Health-related quality of life
Global health status, physical functioning, role functioning, and cognitive functioning significantly decreased over time, whereas emotional functioning significantly improved from baseline to 6 weeks. The symptoms of fatigue, nausea, and pain increased after 6 weeks. There were also significant increases on the single items: dyspnea, insomnia, appetite loss, constipation, and diarrhea (Table 4). There were no significant differences between the subgroups on the function scales, except for cognitive function. Thus, there were significant differences between the groups on some of the symptom scales. In the benign group, symptoms increased significantly: nausea (4.71–7.48, p ≤ 0.001), pain (16.9–25.0, p ≤ 0.001), dyspnea (14.1–20.1, p ≤ 0.001), insomnia (23.1–29.9, p = 0.05), appetite loss (9.80–18.4, p ≤ 0.001), and diarrhea (3.92–8.12, p = 0.04). Several characteristics of the benign group may explain the significant changes over time: the age of this group was significantly higher (p < 0.001), it contained significantly more women (n = 55 [65%], p ≤ 0.001), and the education level was significantly lower (p ≤ 0.001), not shown in the table.

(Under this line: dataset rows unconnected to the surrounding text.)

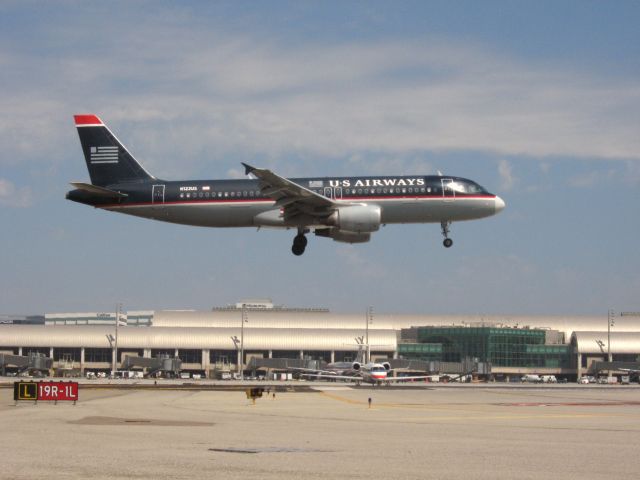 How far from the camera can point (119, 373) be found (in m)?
→ 182

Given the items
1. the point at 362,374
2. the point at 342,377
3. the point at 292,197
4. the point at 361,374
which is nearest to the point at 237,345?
the point at 342,377

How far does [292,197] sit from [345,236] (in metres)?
5.82

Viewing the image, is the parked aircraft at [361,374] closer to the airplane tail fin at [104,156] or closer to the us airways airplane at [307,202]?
the us airways airplane at [307,202]

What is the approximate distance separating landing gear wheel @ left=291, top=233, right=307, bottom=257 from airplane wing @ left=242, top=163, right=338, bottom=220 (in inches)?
107

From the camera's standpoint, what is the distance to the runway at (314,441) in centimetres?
2809

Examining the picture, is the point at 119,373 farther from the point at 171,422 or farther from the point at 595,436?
the point at 595,436

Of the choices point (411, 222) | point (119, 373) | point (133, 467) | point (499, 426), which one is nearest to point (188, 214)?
point (411, 222)

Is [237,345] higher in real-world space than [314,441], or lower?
higher

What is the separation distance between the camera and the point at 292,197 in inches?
2950

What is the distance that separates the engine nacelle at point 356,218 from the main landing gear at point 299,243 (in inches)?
187

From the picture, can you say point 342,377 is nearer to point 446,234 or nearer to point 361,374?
point 361,374

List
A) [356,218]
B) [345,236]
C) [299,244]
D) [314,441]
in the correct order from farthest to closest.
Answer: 1. [299,244]
2. [345,236]
3. [356,218]
4. [314,441]

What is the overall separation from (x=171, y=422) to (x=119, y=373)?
13879 centimetres

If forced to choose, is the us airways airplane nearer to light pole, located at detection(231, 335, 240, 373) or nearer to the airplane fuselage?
the airplane fuselage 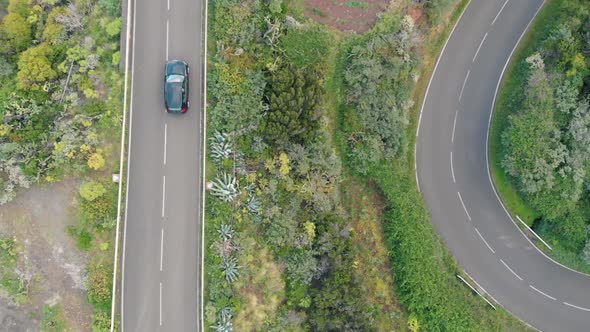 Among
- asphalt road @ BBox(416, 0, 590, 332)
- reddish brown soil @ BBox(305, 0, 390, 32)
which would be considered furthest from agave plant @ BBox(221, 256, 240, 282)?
reddish brown soil @ BBox(305, 0, 390, 32)

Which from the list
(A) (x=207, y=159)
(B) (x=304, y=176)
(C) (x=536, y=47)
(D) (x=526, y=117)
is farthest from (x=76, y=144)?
(C) (x=536, y=47)

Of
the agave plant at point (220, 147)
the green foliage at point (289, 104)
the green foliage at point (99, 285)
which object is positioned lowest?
the green foliage at point (99, 285)

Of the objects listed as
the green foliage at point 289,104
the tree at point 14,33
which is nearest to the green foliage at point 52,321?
the green foliage at point 289,104

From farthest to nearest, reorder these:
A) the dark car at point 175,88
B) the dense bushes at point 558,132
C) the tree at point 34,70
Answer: the dense bushes at point 558,132 < the tree at point 34,70 < the dark car at point 175,88

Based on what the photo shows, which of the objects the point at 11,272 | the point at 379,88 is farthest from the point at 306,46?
the point at 11,272

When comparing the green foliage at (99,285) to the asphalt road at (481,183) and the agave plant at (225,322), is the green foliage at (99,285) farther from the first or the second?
the asphalt road at (481,183)

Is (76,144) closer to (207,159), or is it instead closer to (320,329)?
(207,159) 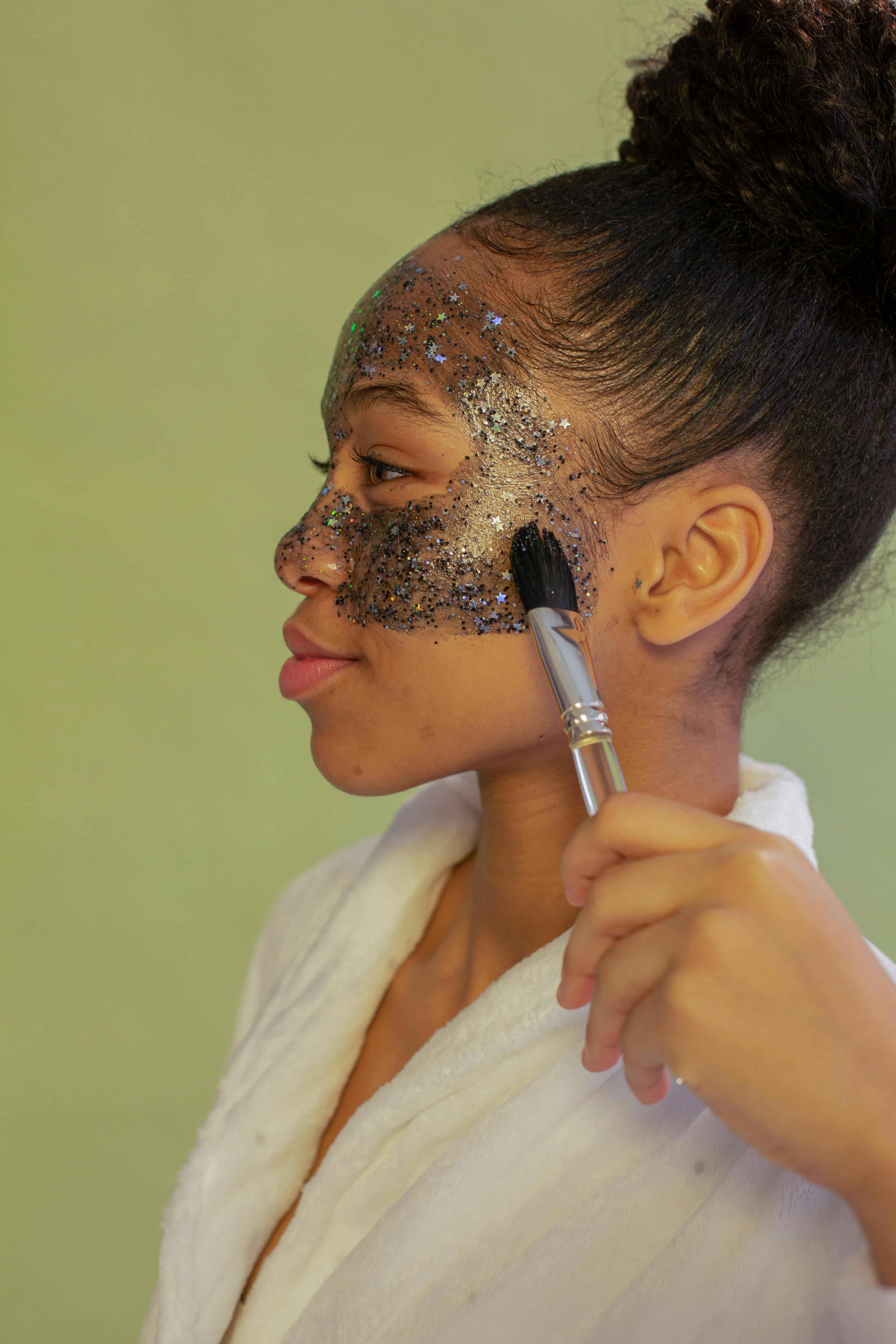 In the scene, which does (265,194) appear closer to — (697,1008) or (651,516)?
(651,516)

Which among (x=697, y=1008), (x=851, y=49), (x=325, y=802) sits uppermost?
(x=851, y=49)

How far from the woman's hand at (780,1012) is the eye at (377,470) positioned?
0.38m

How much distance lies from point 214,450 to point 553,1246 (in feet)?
3.44

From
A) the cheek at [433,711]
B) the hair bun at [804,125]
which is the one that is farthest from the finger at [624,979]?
the hair bun at [804,125]

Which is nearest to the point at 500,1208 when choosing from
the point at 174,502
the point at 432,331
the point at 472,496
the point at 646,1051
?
the point at 646,1051

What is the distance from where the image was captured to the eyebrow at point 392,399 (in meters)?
0.75

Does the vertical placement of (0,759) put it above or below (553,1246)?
above

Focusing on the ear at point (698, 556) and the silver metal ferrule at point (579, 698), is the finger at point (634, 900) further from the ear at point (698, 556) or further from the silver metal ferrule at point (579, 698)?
the ear at point (698, 556)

Quality of care in relation to health-related quality of life
Patients who experienced a high level of global health reported a high level of effective support with fatigue, understanding from the doctor, and receipt of information about common symptoms (r = 0.30–032, p = 0.001 to < 0.001). There were no significant correlations between QPP SI ratings and HRQoL. QLQ-C30 fatigue scores correlated negatively with the QPP item support with fatigue at baseline (r = − 0.32, p ≤ 0.001) and at 6 weeks (r = − 0.37, p ≤ 0.0002). Thus, patients who had high levels of fatigue perceived that they did not receive effective support from the health care staff. Figure 1 shows the distributions and correlation between experienced fatigue and patients’ perceptions of receiving effective support for the symptom in the end of treatment. The figure shows that 75 patients responded not applicable, although they had experienced fatigue.